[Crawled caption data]
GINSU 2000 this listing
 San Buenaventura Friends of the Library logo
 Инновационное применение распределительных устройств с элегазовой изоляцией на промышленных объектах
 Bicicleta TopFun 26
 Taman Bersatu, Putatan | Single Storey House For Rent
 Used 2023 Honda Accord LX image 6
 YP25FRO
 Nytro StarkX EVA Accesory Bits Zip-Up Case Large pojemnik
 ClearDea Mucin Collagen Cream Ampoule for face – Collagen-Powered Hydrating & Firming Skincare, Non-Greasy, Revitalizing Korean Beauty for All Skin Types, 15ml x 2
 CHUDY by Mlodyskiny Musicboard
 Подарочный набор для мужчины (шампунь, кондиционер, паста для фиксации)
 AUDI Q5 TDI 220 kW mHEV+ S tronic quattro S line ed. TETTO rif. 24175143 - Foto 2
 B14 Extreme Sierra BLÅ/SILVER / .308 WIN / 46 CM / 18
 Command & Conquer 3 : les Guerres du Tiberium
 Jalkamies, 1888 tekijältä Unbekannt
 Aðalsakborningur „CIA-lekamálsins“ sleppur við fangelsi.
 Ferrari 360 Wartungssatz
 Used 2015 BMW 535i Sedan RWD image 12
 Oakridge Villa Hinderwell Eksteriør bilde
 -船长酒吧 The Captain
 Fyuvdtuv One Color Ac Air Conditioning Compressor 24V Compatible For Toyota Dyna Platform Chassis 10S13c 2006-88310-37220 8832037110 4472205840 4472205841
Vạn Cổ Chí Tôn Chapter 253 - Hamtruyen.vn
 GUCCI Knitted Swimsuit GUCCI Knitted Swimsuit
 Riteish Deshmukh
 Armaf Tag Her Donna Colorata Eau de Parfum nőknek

ACTION ITEM:
Lines with the word "Used" in them are the answer; report each one from the data.

ANSWER TO THE EXERCISE:
 Used 2023 Honda Accord LX image 6
 Used 2015 BMW 535i Sedan RWD image 12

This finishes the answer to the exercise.